Free Will with a Little Bit of Science! (TM)(C)(R)

Join the club (both begbert2 and myself have explicitly called ourselves compatabilists in this thread)

I would be considered by others to be Compatibilist, but I generally avoid the term myself.
Saying I am Compatibilist seems to implicitly say I think the term “free will” is meaningful, and that the debate over “free will vs determinism” is a valid, coherent one, and I don’t think it is.

But yes, I would agree we make free choices. Which of course are based on past data and some internal predispositions because that’s the only kind of “choice” anyone has even been able to define.

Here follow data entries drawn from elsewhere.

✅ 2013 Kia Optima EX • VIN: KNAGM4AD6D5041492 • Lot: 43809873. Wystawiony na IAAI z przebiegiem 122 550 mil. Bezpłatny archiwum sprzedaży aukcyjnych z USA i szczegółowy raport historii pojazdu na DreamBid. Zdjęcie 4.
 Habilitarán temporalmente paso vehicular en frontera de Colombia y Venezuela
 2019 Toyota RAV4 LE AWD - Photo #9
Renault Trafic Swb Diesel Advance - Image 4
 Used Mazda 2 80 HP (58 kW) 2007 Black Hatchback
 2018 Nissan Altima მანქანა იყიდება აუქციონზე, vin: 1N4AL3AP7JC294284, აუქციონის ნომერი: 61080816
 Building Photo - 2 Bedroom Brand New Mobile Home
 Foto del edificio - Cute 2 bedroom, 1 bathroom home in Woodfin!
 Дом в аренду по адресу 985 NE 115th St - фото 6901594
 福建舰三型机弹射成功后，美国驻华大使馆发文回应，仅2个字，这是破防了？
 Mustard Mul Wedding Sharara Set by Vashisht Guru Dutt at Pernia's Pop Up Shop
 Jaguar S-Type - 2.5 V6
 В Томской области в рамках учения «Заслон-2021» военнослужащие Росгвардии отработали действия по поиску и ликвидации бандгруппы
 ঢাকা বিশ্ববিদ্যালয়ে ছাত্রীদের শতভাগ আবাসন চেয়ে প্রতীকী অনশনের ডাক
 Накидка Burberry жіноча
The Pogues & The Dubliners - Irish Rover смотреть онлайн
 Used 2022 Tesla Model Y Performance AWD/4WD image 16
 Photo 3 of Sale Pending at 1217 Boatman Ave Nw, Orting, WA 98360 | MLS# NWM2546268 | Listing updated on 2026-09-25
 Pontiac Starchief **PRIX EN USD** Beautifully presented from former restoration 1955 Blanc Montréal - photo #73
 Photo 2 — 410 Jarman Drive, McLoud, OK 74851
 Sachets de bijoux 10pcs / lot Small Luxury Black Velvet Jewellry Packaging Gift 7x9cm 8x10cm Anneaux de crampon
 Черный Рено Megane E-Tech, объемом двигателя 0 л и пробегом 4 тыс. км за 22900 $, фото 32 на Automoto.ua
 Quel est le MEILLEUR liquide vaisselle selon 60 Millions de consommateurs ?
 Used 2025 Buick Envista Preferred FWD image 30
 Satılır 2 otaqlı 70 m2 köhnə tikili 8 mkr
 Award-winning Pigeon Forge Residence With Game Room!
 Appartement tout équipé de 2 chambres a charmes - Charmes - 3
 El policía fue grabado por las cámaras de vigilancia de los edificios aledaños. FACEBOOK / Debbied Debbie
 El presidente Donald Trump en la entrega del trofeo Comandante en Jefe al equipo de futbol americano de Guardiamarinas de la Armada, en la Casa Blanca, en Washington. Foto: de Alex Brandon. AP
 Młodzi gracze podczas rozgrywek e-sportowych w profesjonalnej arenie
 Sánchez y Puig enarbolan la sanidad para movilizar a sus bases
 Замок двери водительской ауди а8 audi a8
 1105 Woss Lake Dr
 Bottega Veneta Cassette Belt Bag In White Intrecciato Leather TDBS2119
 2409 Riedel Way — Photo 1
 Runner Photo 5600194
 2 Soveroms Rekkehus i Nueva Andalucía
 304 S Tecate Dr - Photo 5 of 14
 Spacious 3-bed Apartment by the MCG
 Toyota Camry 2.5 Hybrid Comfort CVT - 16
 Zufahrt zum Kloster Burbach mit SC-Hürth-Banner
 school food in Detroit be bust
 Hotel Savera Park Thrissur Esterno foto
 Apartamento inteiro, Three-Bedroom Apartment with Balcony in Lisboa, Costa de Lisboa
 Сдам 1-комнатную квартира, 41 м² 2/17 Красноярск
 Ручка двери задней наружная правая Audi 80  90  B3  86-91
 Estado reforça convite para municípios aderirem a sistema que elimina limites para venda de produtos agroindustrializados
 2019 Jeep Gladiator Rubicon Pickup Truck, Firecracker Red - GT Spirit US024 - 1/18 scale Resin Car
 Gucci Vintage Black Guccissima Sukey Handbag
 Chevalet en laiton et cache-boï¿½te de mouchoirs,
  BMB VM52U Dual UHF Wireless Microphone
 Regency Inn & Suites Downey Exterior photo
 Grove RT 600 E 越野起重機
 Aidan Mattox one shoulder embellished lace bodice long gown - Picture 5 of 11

If your personal philosophy is a form of libertarianism, as mine is, then reliable prediction of brainstates (based on a causal or stochastic model) contradicts the underlying premise. Small sample sizes could be written off, but if your model accurately predicts millions of brainstates based on nothing but the previous scan, we would have to find a new philosophy of free will.

Such accurate predictions as you describe in the OP will effectively rule out the entire left column of this chart:

Indeterminism Determinism
Free Will Libertarianism Compatibilism
No Free Will Hard Incompatibilism Hard Determinism

As mentioned by others, the difference between compatibilism and hard determinism is the semantic definition of free will. For me, determinism implies hard determinism with radical implications for moral culpability.

~Max

whoops! sorry I tried to do a word search before I posted that! Apologies.

I think this is the most common and convincing argument for libertarian concepts of freewill.

I understand it, as this was the argument that I operated when I believed in the libertarian concept of free will but I think that it has become less important to me as my moral understanding of justice has changed.

There is one concept of justice which is primarily retributive. People who do bad things should be punished. People who do good things should be rewarded.

But these days I adopt a more restorative idea of justice. The purpose of “justice” has changed from “punish evil, reward the good” to “heal the sick”.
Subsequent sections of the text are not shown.